(Short text fragments from websites)
******

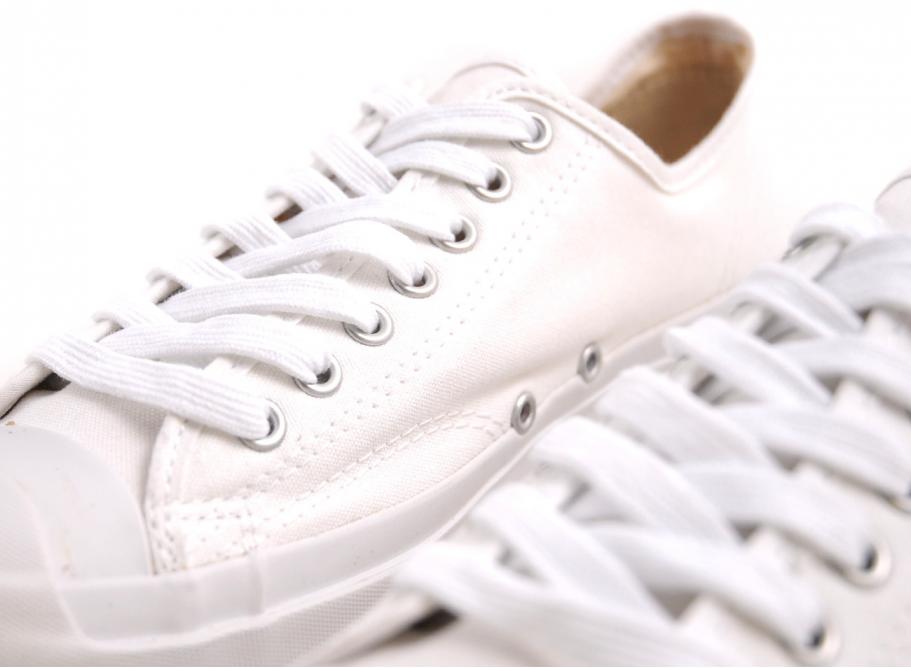 jack purcell white high top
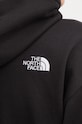 Суичър The North Face Essential Hoodie NF0A89ENJK31 черен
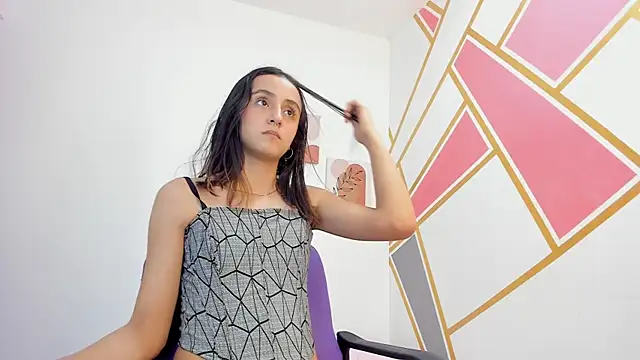 Snapshot of tiny_molly chatting on 03-10-25, 03:09 tiny molly online show from 03-10-25, 03:09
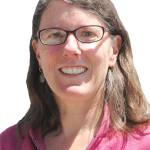 Water Matters: A team effort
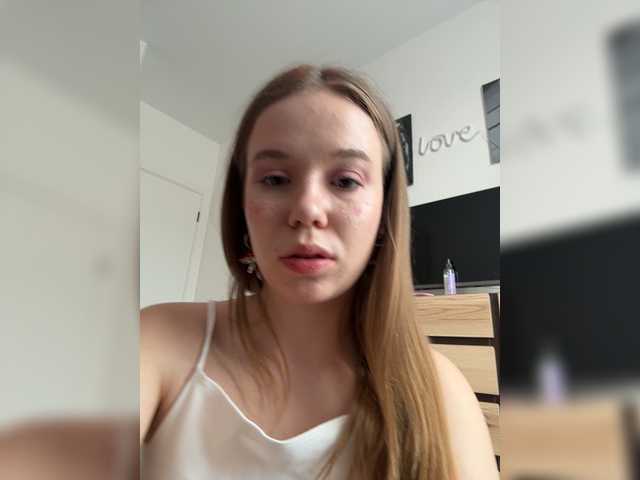 mariaaa-1 live webcam show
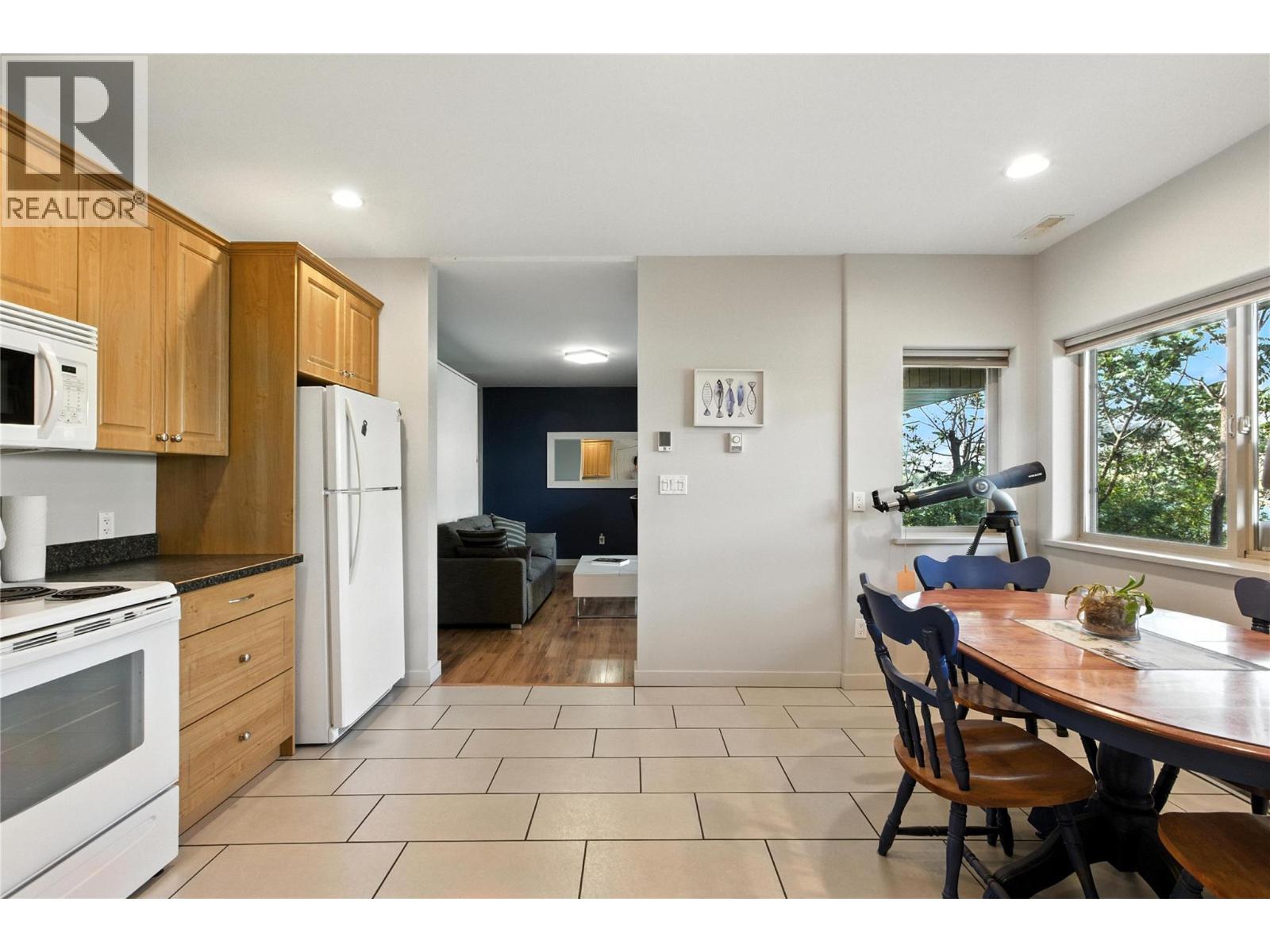 4990 Kipp Road - 36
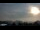 Webcam in Sarzana, 2.7 mi away
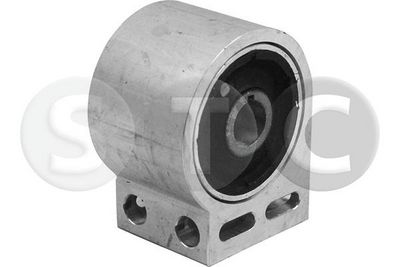 LAGERUNG LENKER STC T457121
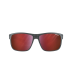 عینک جولبو مدل RENEGADE J4994414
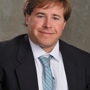 Edward Jones - Financial Advisor: Austin Marshall, CFP®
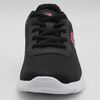 Zapatilla Mujer Lotto Megalight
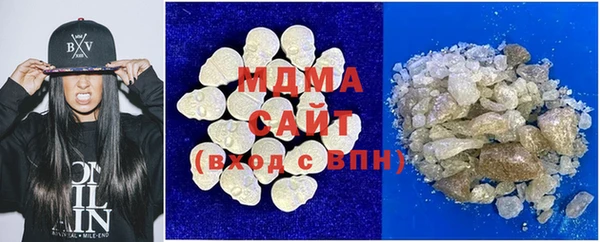 дживик Кукмор
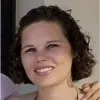 Miranda Meyers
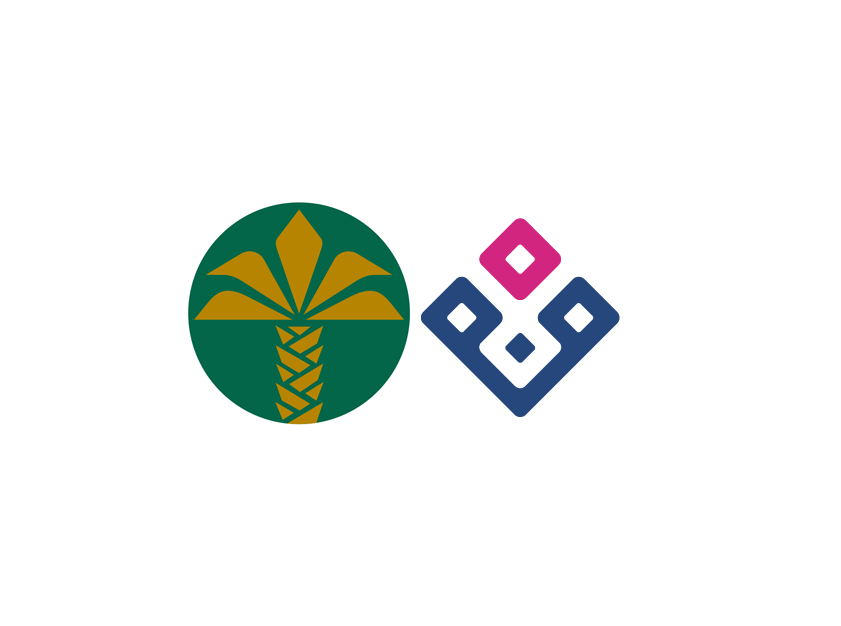 Nur Tabela Açık Hava Reklamcılığı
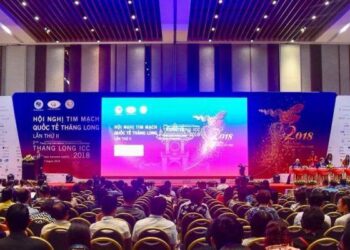 Top 20 công ty tổ chức sự kiện hàng đầu Việt Nam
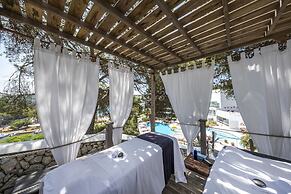 ARTIEM Audax - Adults Only Hotel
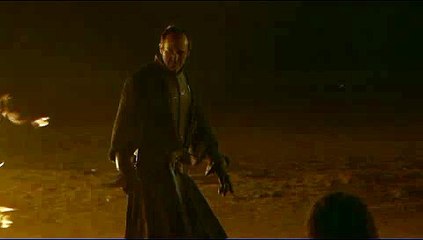 이제 부천오피  보령오피「안양오피 」 「밤전」 것은,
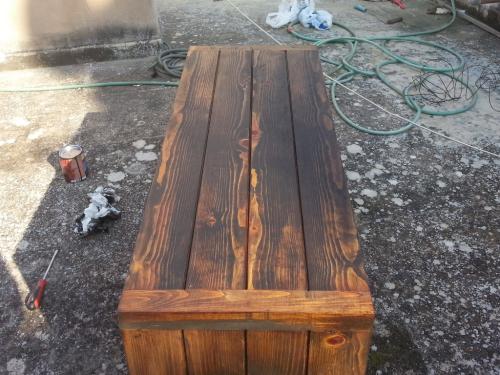 post-33144-0-58374400-1455023588_thumb.j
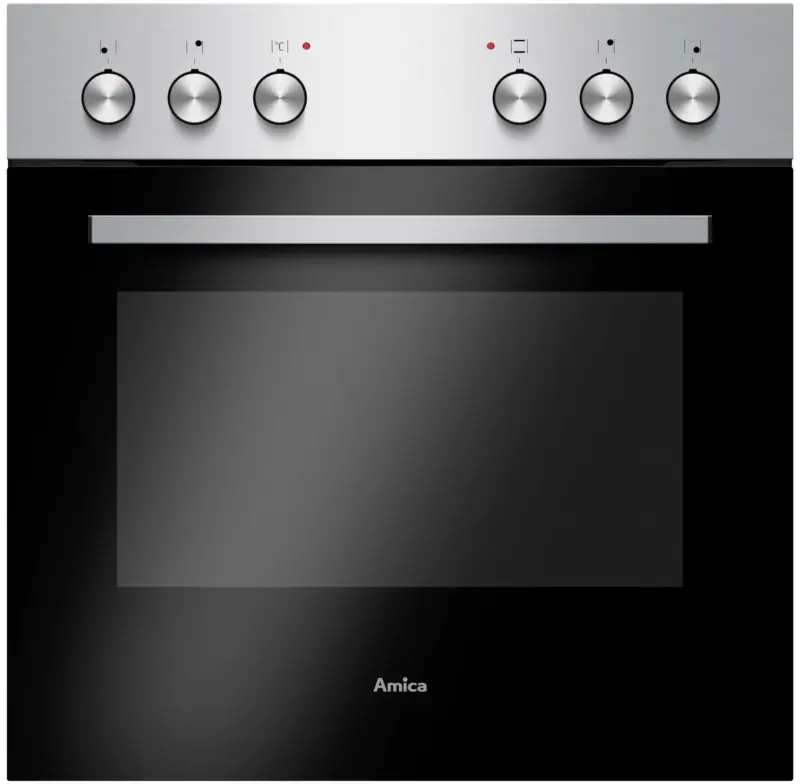 Einbauherd EH923640E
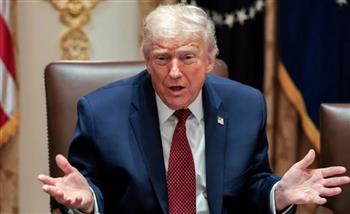 بعد تصريحات أوباما.. ترامب يرفع السرية عن ملفات الكائنات الفضائية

******

▸ Exercise objective:
Reproduce nothing but the lines running from the line with "보령오피「안양오피 」 「밤전」" through the end of the records, keeping both end lines and dropping the pictures.

▸ Response:
 이제 부천오피  보령오피「안양오피 」 「밤전」 것은,
 post-33144-0-58374400-1455023588_thumb.j
 Einbauherd EH923640E
 بعد تصريحات أوباما.. ترامب يرفع السرية عن ملفات الكائنات الفضائية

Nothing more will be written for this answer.